> _Problem_
All of the listing should be output exactly, apart from the pictures.

> _Data section_
»»
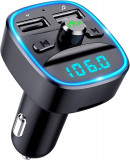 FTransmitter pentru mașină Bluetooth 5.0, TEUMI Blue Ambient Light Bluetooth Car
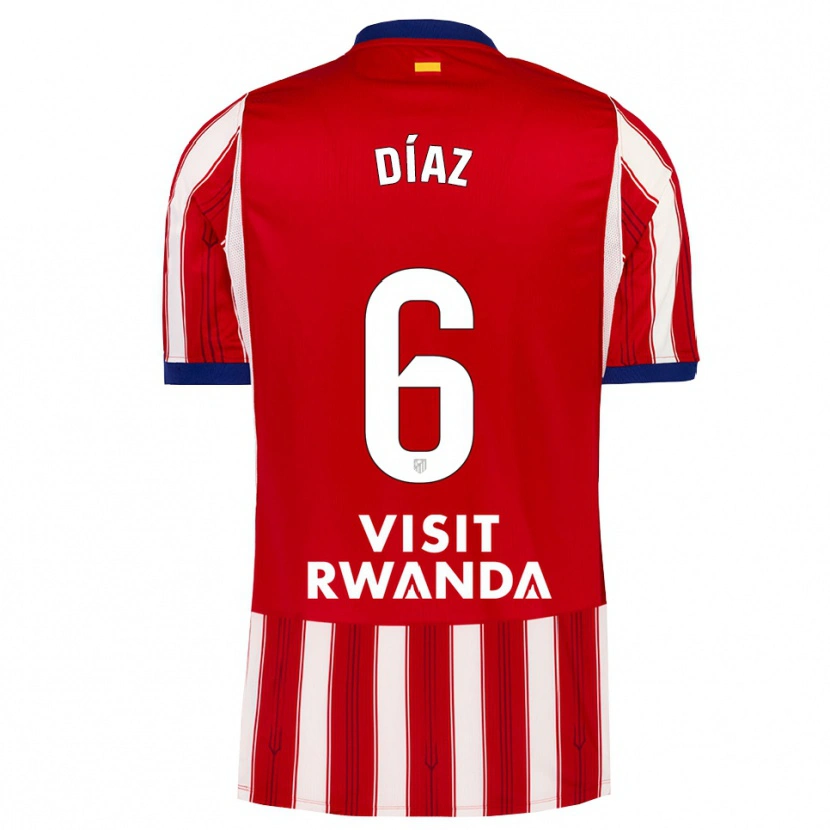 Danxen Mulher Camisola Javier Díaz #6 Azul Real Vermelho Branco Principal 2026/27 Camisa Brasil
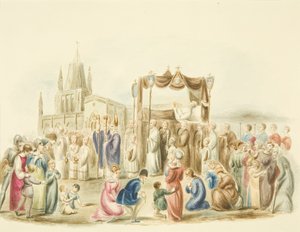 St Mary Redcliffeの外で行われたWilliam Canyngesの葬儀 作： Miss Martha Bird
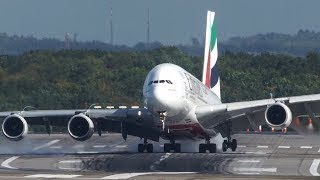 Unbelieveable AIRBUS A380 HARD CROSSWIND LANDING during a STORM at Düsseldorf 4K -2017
««
> _Answer box_
 FTransmitter pentru mașină Bluetooth 5.0, TEUMI Blue Ambient Light Bluetooth Car
 Danxen Mulher Camisola Javier Díaz #6 Azul Real Vermelho Branco Principal 2026/27 Camisa Brasil
 St Mary Redcliffeの外で行われたWilliam Canyngesの葬儀 作： Miss Martha Bird
 Unbelieveable AIRBUS A380 HARD CROSSWIND LANDING during a STORM at Düsseldorf 4K -2017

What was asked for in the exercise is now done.